Earlier in the week, Shell confirmed its Alakiri flow station had been the subject of one attack and a second had targeted the Greater Port Harcourt Swamp Line.

Shell later neither confirmed or denied claims of attacks on its Orubiri flow station, Rumuekpe pipeline and another pipeline at the Elem-Kalabari
Cawthorne Channel axis in Rivers state.

Chevron has confirmed two "shooting incidents" near its facilities and it had no reason to believe it was specifically targeted in either attack.

'Oil war'

Jomo Gbomo, a Mend spokesman, on Saturday claimed to have grassroots support: "The impoverished and neglected inhabitants of oil-producing communities consider our actions to these structures as good riddance to bad rubbish.
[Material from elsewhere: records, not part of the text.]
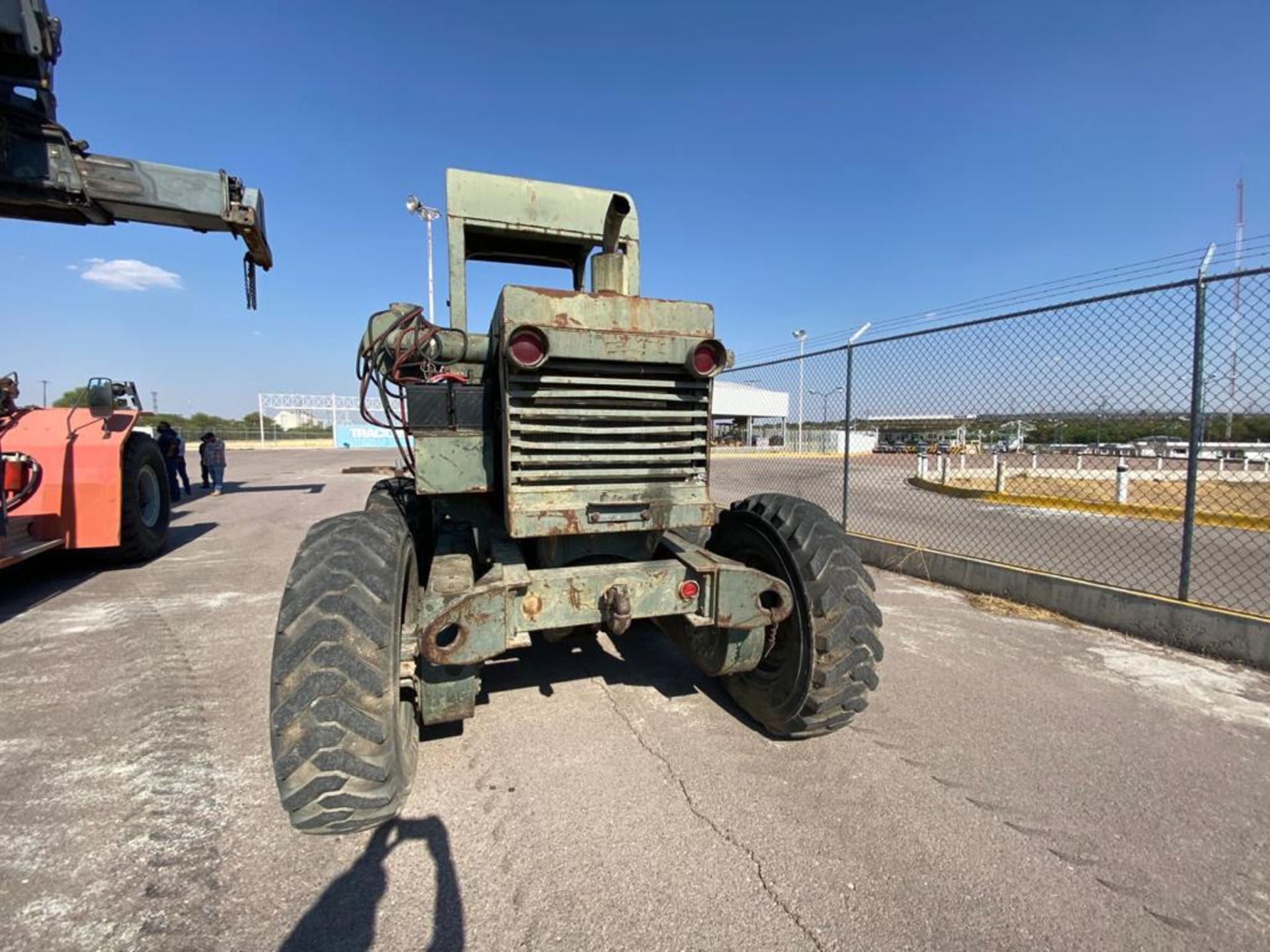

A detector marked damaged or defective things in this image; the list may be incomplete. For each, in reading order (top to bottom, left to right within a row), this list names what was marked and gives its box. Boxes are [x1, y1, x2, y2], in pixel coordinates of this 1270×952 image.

pavement crack [581, 665, 827, 952] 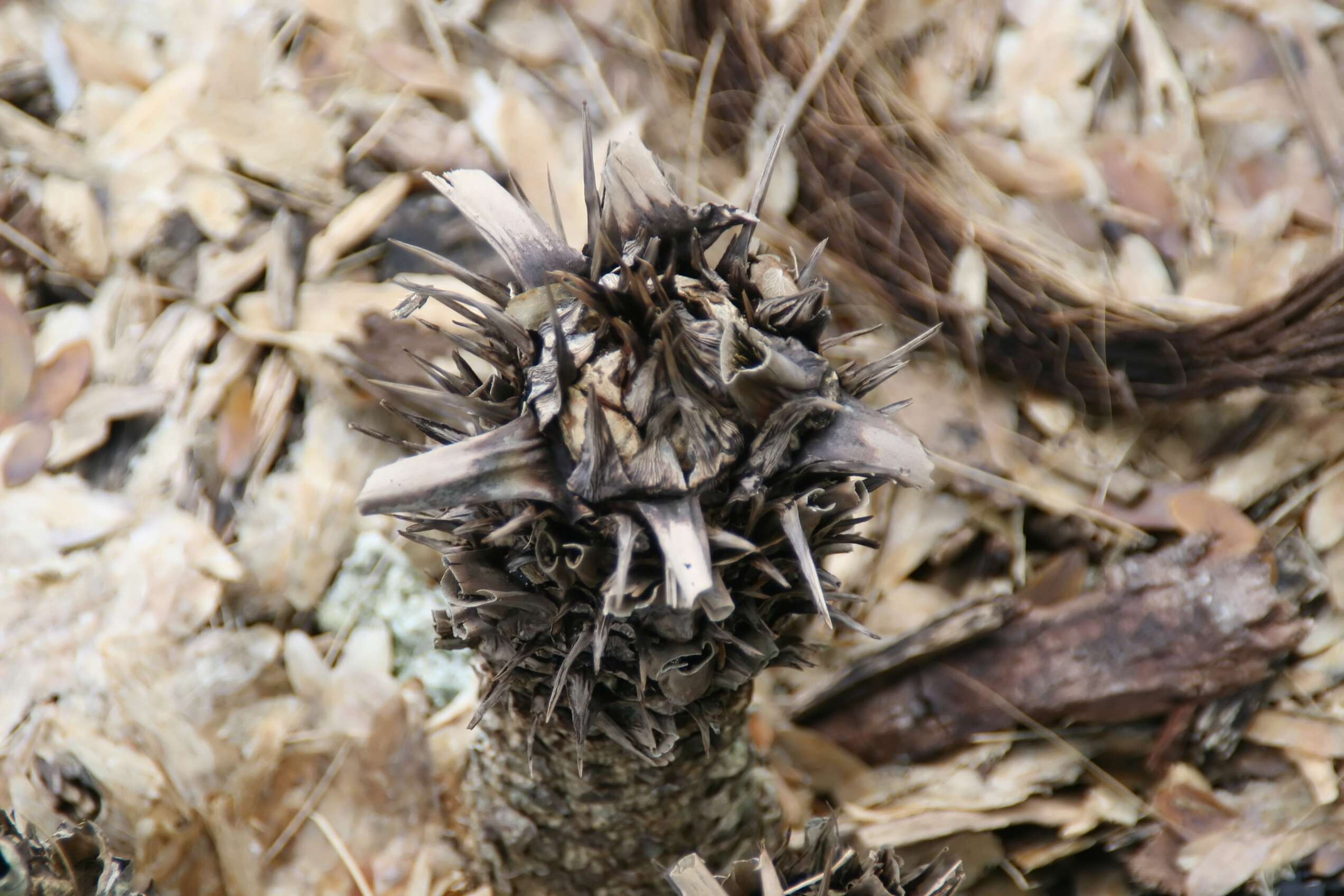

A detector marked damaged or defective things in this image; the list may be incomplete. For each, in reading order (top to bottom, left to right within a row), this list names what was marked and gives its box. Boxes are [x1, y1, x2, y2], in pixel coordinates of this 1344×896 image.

splintered wood fragment [424, 170, 583, 288]
splintered wood fragment [352, 416, 567, 516]
splintered wood fragment [779, 502, 828, 628]
splintered wood fragment [801, 540, 1306, 763] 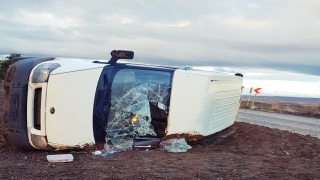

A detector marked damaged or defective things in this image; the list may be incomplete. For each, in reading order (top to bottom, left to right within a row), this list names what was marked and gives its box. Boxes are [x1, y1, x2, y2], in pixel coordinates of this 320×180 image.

overturned white van [1, 50, 242, 150]
broken glass [105, 69, 171, 152]
shattered windshield [106, 68, 172, 151] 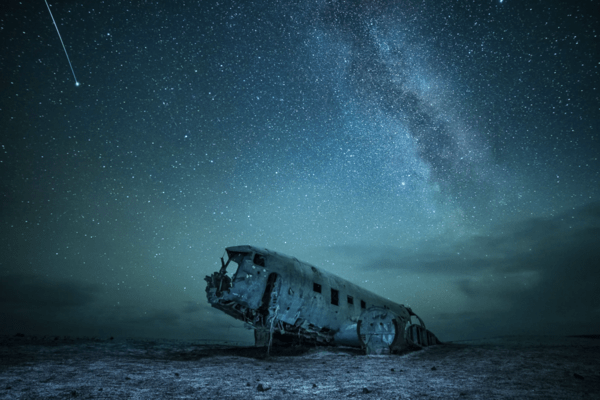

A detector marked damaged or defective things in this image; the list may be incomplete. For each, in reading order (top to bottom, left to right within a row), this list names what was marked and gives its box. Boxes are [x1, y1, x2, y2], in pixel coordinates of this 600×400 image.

abandoned airplane wreck [206, 245, 440, 354]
"Oil exploration has brought only pain to them by way of environmental damage, harassment from the military and rape of under-aged girls by soldiers, extra-judicial killings of young men and development and wealth to other parts of the country at their detriment," he said.

Mend has also warned it will attack the country's two big deep offshore fields, Shell's Bonga and Chevron's Agbami, as well as oil and gas tankers in Nigerian
waters.

The latest attack claimed by Mend was cited as a factor in Friday's rise in world oil prices to more than $100 a barrel.
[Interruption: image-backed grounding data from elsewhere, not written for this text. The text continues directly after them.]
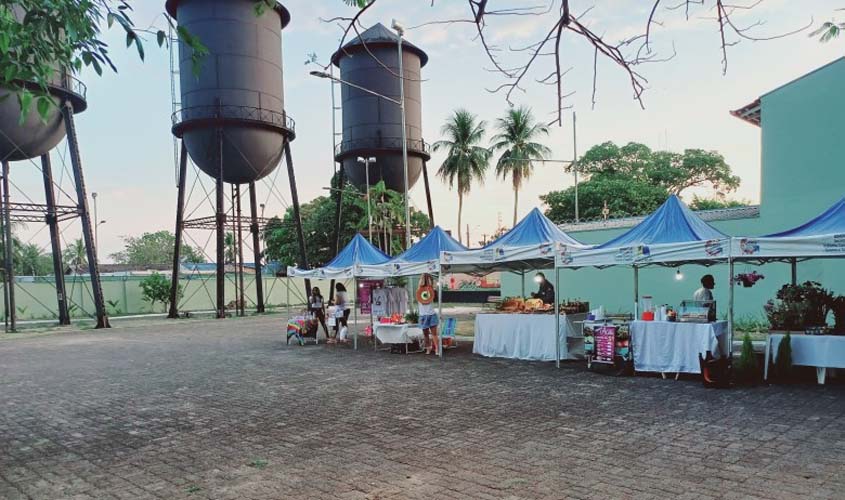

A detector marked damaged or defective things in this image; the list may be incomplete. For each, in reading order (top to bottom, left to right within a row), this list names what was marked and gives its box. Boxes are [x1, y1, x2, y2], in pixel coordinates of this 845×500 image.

rusty water tank [0, 6, 86, 162]
rusty water tank [166, 0, 296, 185]
rusty water tank [330, 23, 428, 191] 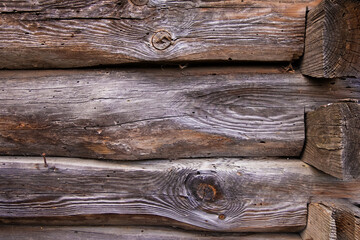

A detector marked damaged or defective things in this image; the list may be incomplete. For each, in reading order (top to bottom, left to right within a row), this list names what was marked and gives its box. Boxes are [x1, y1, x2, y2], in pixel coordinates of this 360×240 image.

rusty nail [152, 30, 173, 50] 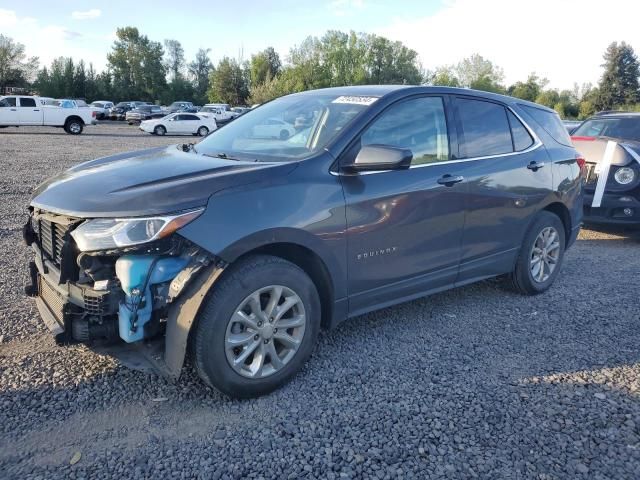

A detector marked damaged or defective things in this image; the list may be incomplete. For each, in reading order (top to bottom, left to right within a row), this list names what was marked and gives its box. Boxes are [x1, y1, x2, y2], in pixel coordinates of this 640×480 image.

dented hood [31, 143, 296, 217]
damaged front end [23, 208, 225, 380] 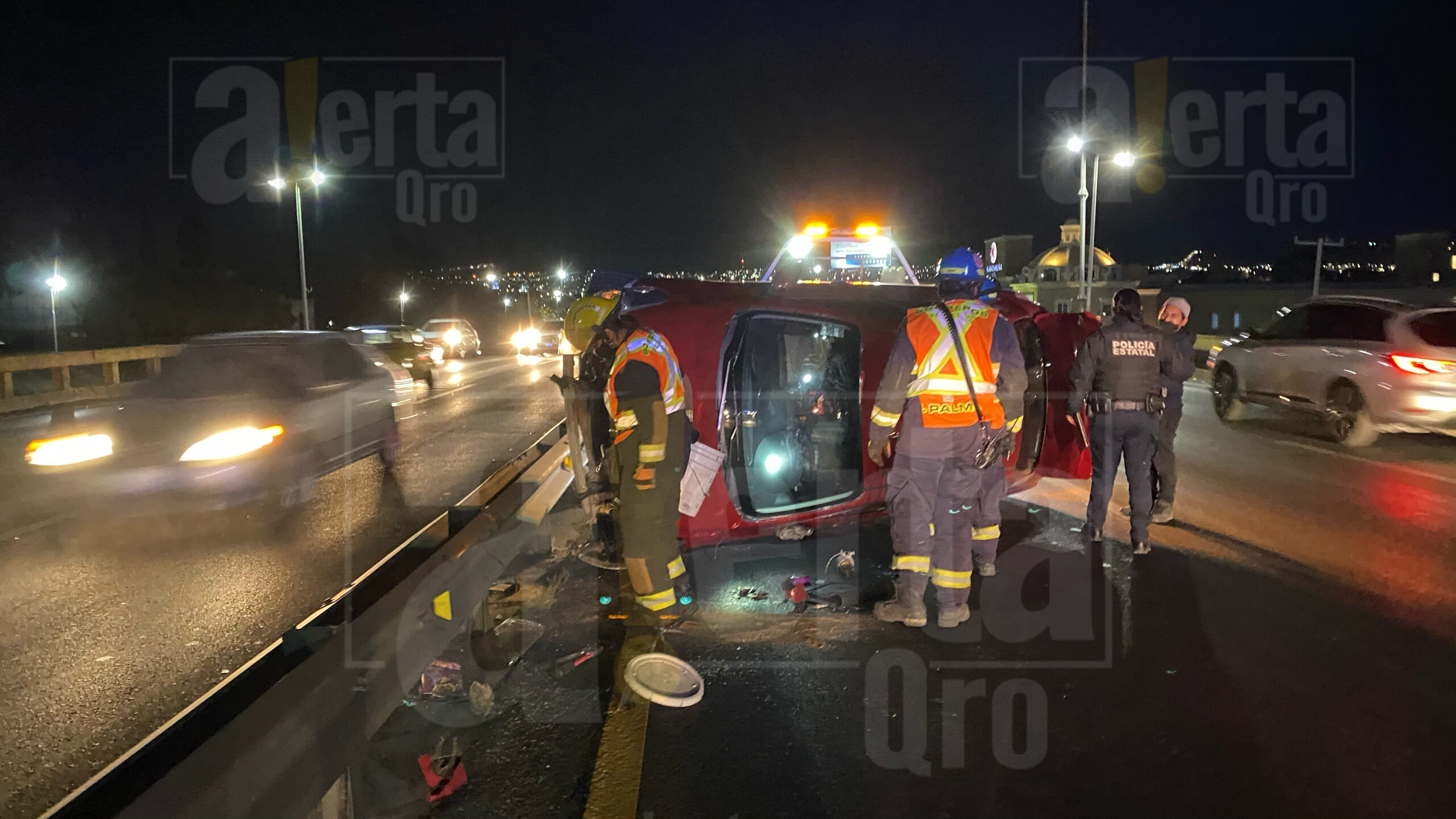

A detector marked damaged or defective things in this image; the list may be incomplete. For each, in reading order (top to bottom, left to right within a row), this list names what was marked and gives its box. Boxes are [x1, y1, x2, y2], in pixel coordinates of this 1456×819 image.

overturned red vehicle [614, 276, 1092, 551] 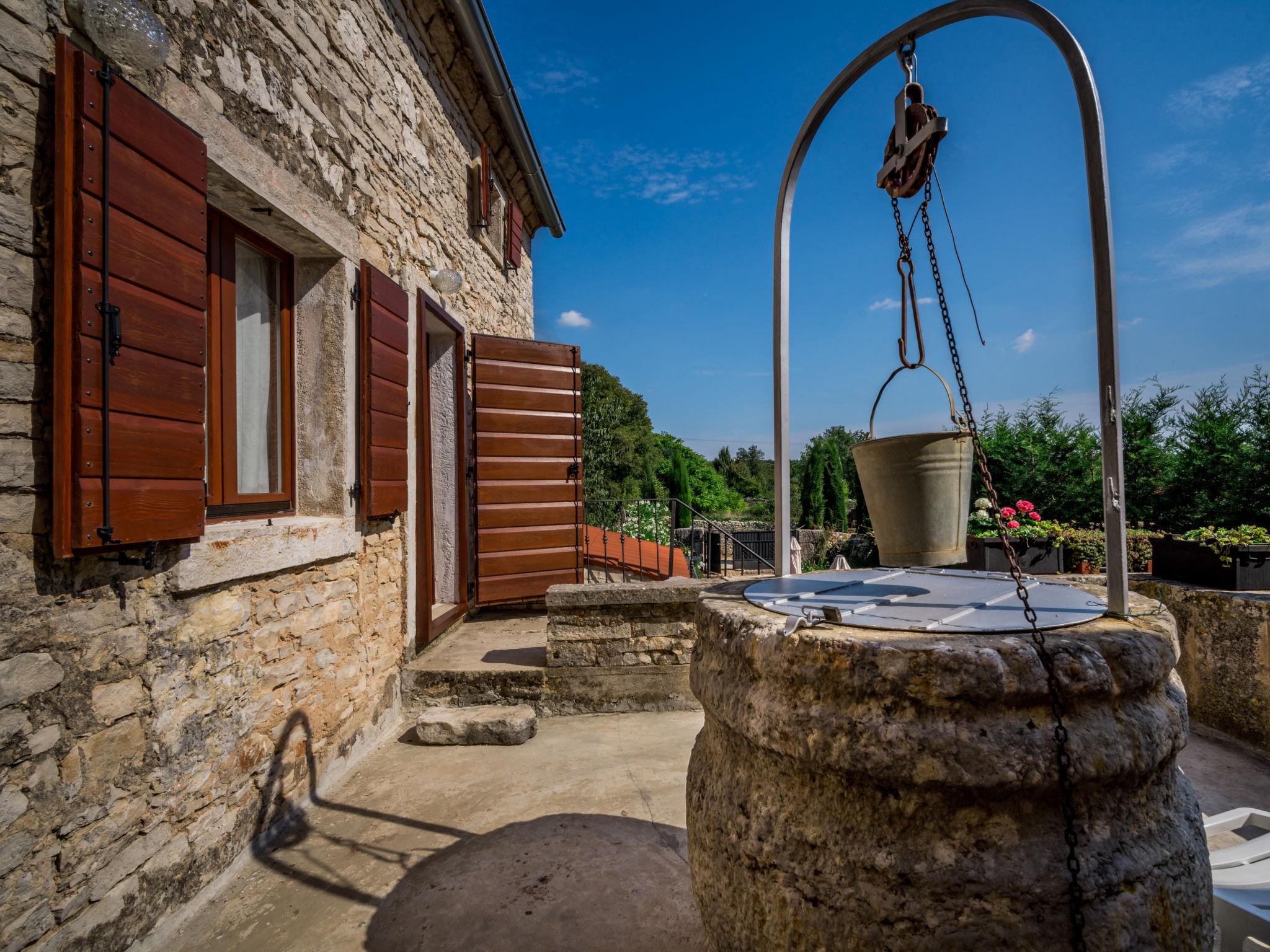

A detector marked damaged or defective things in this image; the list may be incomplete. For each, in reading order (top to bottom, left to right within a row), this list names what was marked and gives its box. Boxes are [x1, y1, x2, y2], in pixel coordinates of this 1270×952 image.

But analysts said the predominant reason was an improvement in market confidence after efforts to resolve the US-centred world financial crisis which brought predictions of further falls in oil demand.
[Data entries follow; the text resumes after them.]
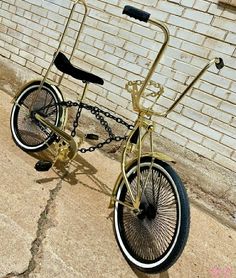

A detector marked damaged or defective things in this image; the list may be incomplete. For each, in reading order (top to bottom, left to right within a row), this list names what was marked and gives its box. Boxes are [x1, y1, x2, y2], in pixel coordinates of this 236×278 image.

crack in pavement [2, 167, 69, 278] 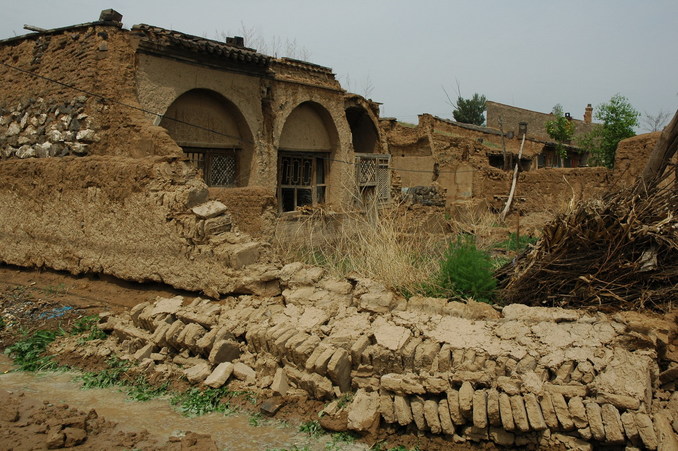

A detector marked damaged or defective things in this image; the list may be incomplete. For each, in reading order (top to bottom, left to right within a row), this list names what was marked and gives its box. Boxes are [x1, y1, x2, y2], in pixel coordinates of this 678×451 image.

broken wall section [0, 157, 276, 298] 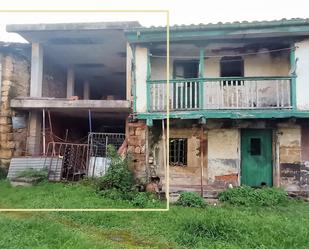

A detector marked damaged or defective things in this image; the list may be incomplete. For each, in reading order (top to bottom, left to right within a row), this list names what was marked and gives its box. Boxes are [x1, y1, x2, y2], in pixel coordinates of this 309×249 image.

rusty metal gate [44, 142, 89, 181]
rusty metal gate [86, 132, 124, 177]
broken window [170, 137, 186, 166] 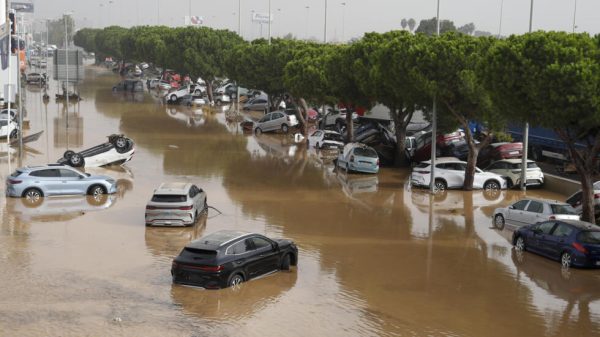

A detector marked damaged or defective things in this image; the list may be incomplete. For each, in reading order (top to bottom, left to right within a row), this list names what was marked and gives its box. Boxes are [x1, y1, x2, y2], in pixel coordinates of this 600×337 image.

Insecurity in the region has cut the West African country's output by around a fifth since early 2006, when Mend began blowing up oil pipelines and kidnapping foreign workers, helping push up world oil prices.

The Niger Delta accounts for most of Nigeria's oil output of two million barrels per day, making it the world's eighth-biggest oil exporter.

Royal Dutch Shell, ExxonMobil, Total, Eni, and Chevron, are among the numerous oil companies operating in the Niger Delta.